━━━ Task input
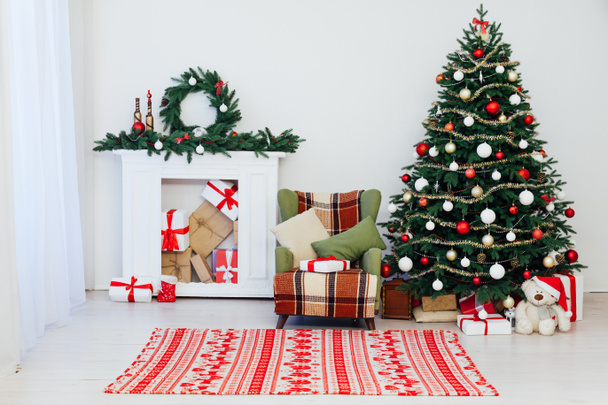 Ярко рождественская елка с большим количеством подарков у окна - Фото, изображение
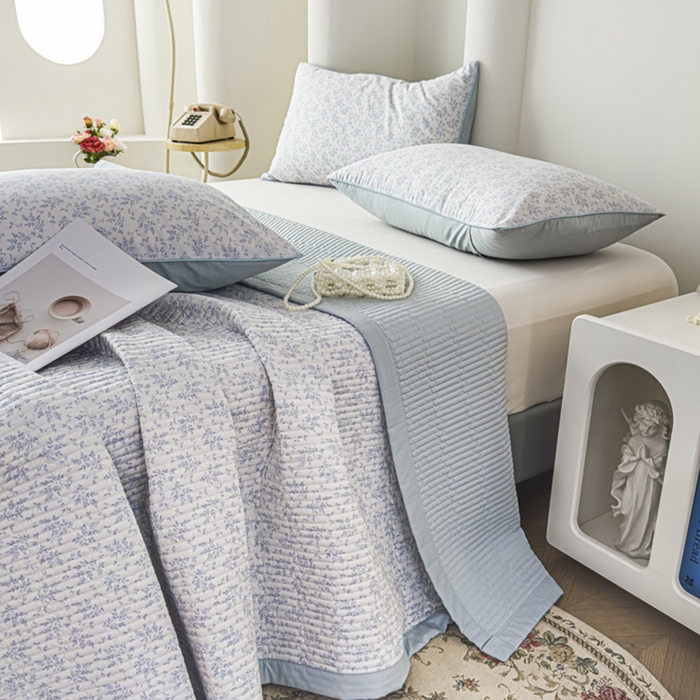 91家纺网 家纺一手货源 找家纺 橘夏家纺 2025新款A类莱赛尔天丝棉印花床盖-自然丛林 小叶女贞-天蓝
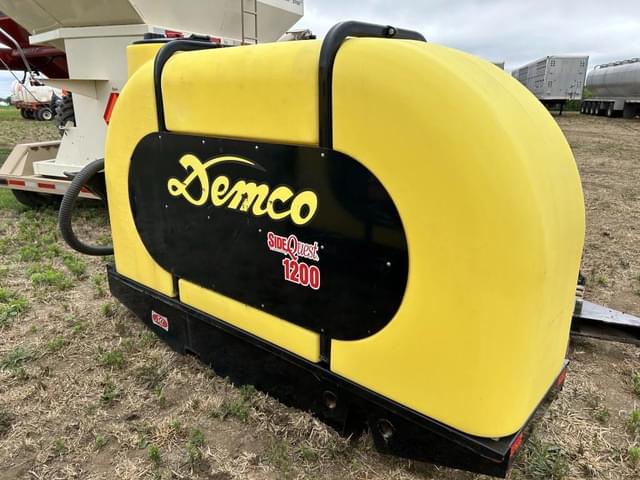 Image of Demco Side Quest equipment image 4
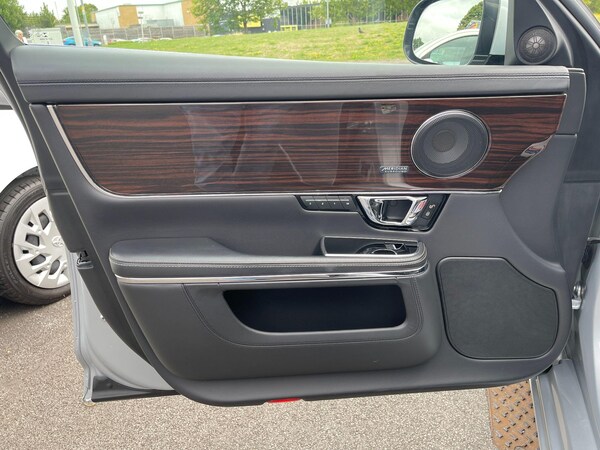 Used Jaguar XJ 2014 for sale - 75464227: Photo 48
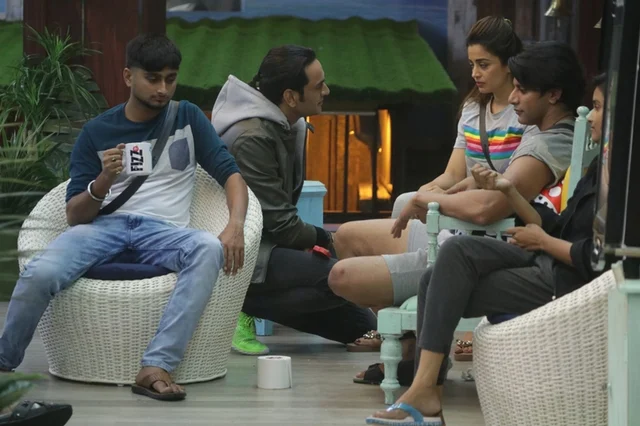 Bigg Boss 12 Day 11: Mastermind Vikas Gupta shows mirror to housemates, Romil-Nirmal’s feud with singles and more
━━━━━━
━━━ Task input
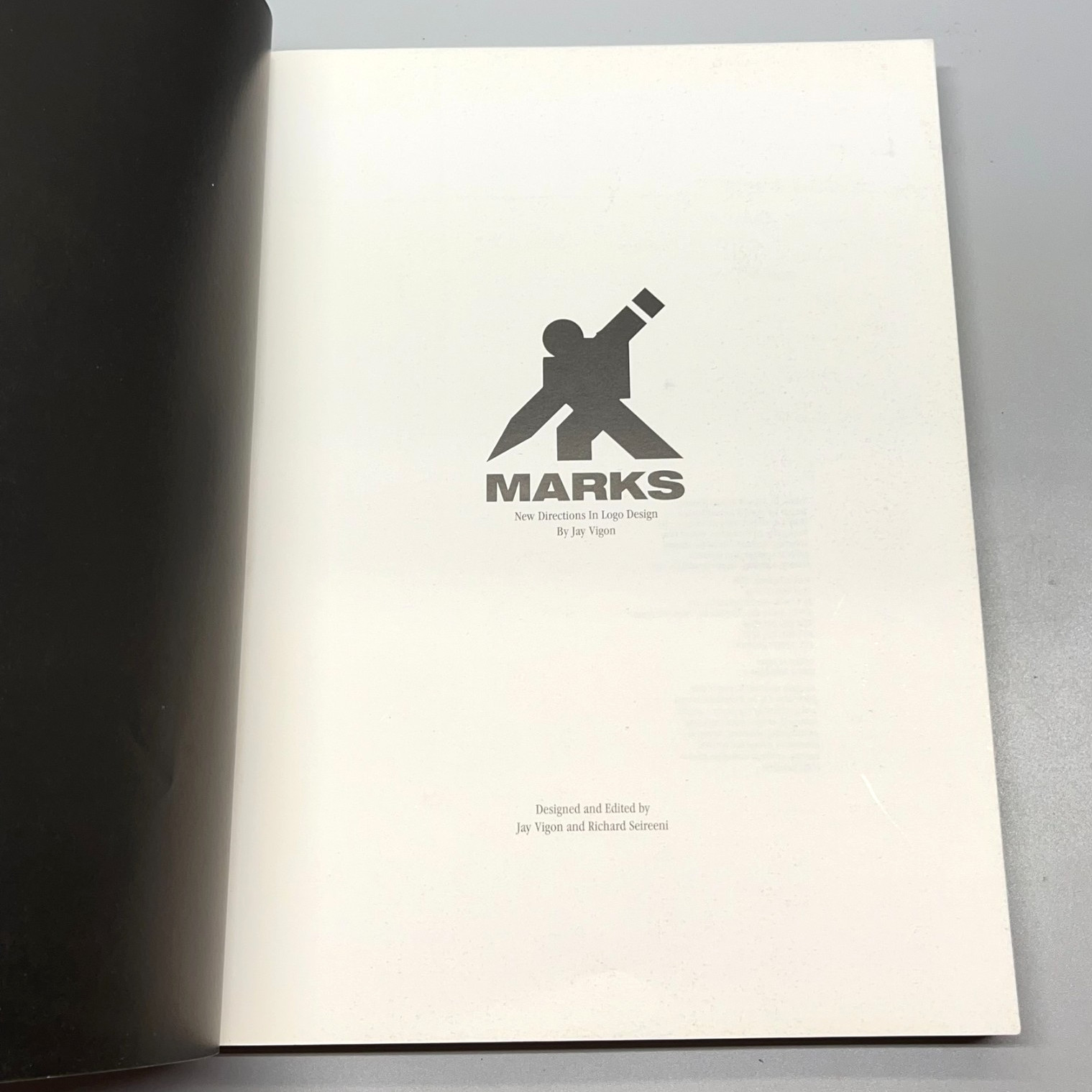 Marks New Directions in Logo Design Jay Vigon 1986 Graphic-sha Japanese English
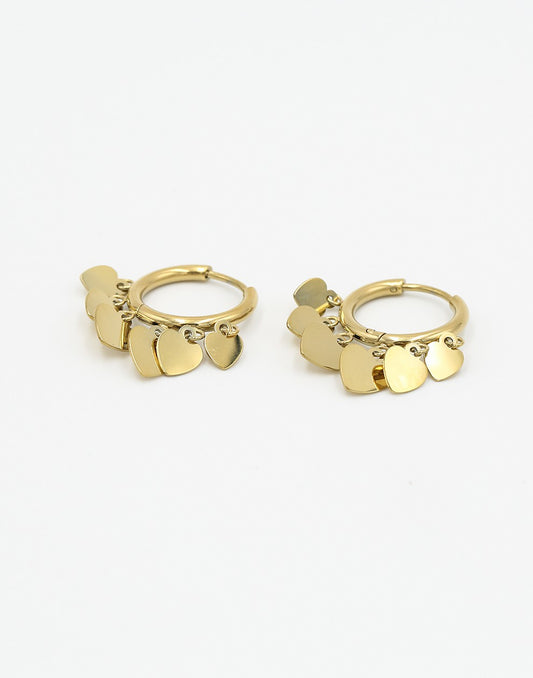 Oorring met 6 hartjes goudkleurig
━━━━━━
━━━ Task input
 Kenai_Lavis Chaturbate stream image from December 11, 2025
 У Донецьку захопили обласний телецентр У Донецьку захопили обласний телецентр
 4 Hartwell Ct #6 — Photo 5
━━━━━━
• Task statement: Give back exactly the lines above starting at the line where "У Донецьку захопили обласний телецентр У" appears and ending at the line where "4 Hartwell Ct #6 — Photo 5" appears, both included, with no other lines.

• Answer box:
 У Донецьку захопили обласний телецентр У Донецьку захопили обласний телецентр
 4 Hartwell Ct #6 — Photo 5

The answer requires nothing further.